EXERCISE:
Where the listing below has a line with "Precioso piso residencial", write out exactly that line and every line after it, stopping after the line with "Glacier Maison |".

***** MATERIAL FOR THE TASK *****

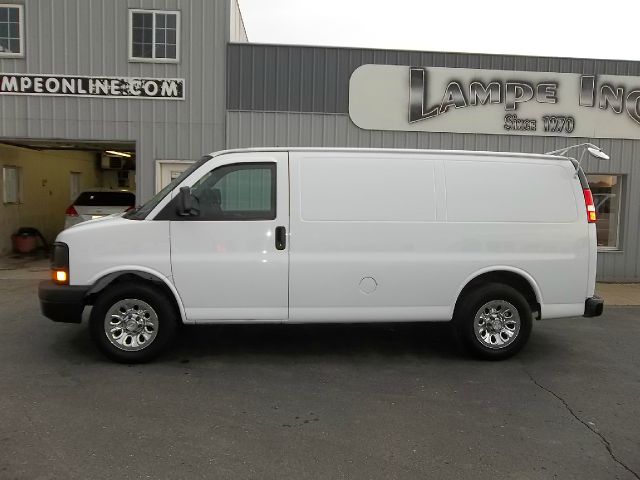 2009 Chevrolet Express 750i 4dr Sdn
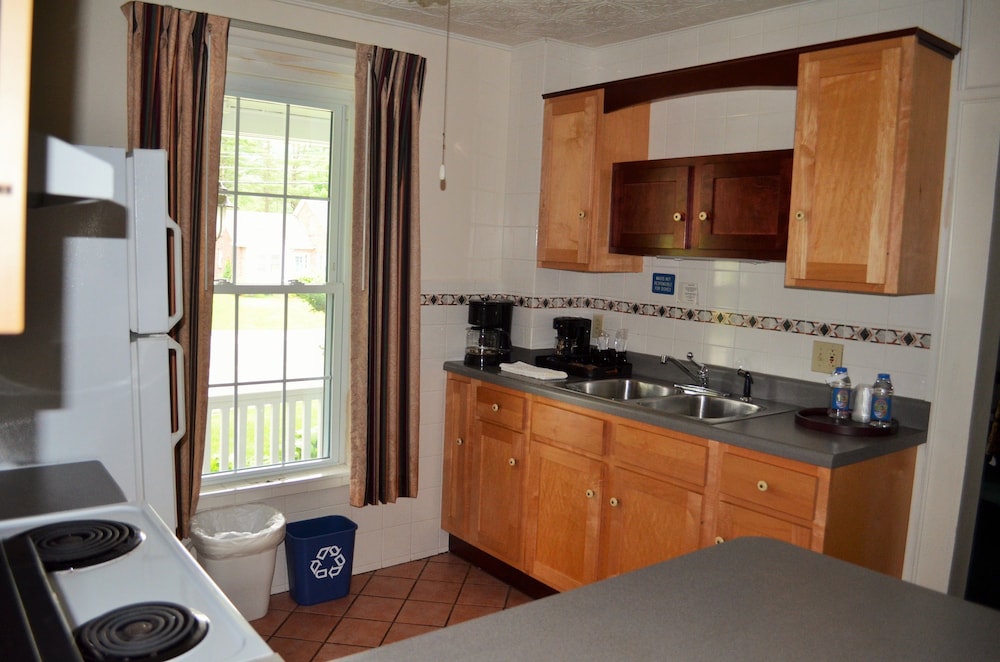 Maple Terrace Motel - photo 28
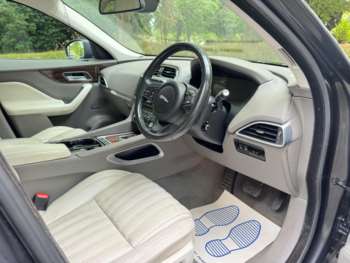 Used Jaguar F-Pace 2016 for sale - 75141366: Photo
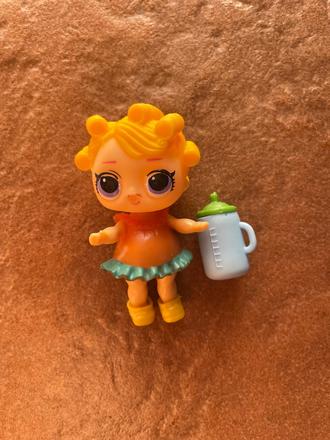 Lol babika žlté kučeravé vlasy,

*****
***** MATERIAL FOR THE TASK *****

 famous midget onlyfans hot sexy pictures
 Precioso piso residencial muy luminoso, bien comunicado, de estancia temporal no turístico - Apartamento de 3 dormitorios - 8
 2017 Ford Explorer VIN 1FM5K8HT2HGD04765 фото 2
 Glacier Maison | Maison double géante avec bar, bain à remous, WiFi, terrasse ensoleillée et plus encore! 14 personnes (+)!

*****

SOLUTION FOR THIS EXERCISE:
 Precioso piso residencial muy luminoso, bien comunicado, de estancia temporal no turístico - Apartamento de 3 dormitorios - 8
 2017 Ford Explorer VIN 1FM5K8HT2HGD04765 фото 2
 Glacier Maison | Maison double géante avec bar, bain à remous, WiFi, terrasse ensoleillée et plus encore! 14 personnes (+)!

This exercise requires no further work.